Jessie Bailey Assistant Director for Recruiting, Admission, Student Services nominated this word. I’m surprised we have not featured it before, but then it’s not a word I often use.
One reason? I think of the 1970s and pop-psychology when I see our word, rarely these days. Indeed, usage peaked in the year 1970.
Gestalt comes from German in the 1890s, and it began in the then-new field of Psychology. Any pop-culture misuses arose far later. A 1926 example in the OED sums up “The work of the Gestalt school with its stress upon the unity of psychic processes.
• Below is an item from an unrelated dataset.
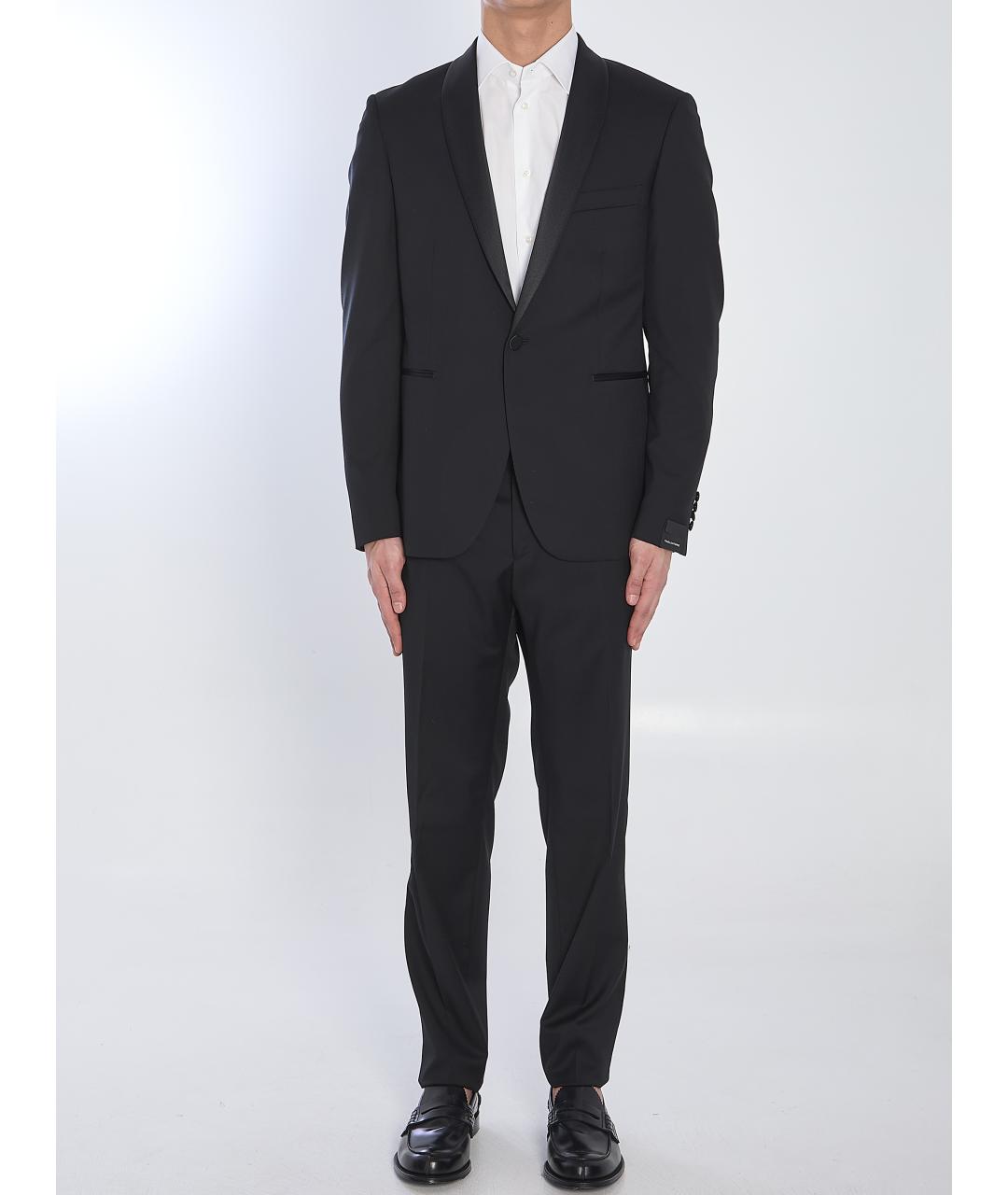 TAGLIATORE Черный классический костюм, фото 2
Note, The Gestalt theorists.”
I’ll quote the OED here for a definition, “A ‘shape’, ‘configuration’, or ‘structure’ which as an object of perception forms a specific whole or unity incapable of expression simply in terms of its parts.” The human personality certainly qualifies. We all, to paraphrase Walt Whitman, contain multitudes. Our childhood experiences good or bad, educations, work, associations, cultural and linguistic backgrounds all contribute to our personality.
Loosely speaking, “the whole is greater than the sum of all its parts” expresses the idea of gestalt. A homely example would be any event that becomes full of meaning from many inputs. Consider the recent Thanksgiving meal you may have enjoyed with loved ones. That event means more than eating, certainly more than turkey and stuffing. The OED says this about the arts, providing a 1962 quotation that abstract paintings “are concerned with gestalt effects, and with after-images, they are not out to batter one’s eyes into submission.”
I happen to really like Jackson Pollock’s work. It took me a while to see that his techniques involved more than mere dripwork. Somehow the paintings began to take me places, emotionally, by their color and vastness. Thus the gestalt of Pollock’s work, difficult to name, but to me more than line, color, and size. They evoke in me a relaxed contemplation, and your mood may be different from mine. You might feel battered into submission, whatever the OED says. I feel transported now by abstract expressionism, in a way I was not when I first encountered it four decades ago.
So thanks, Jessie, for a thought-provoking Word of the Week!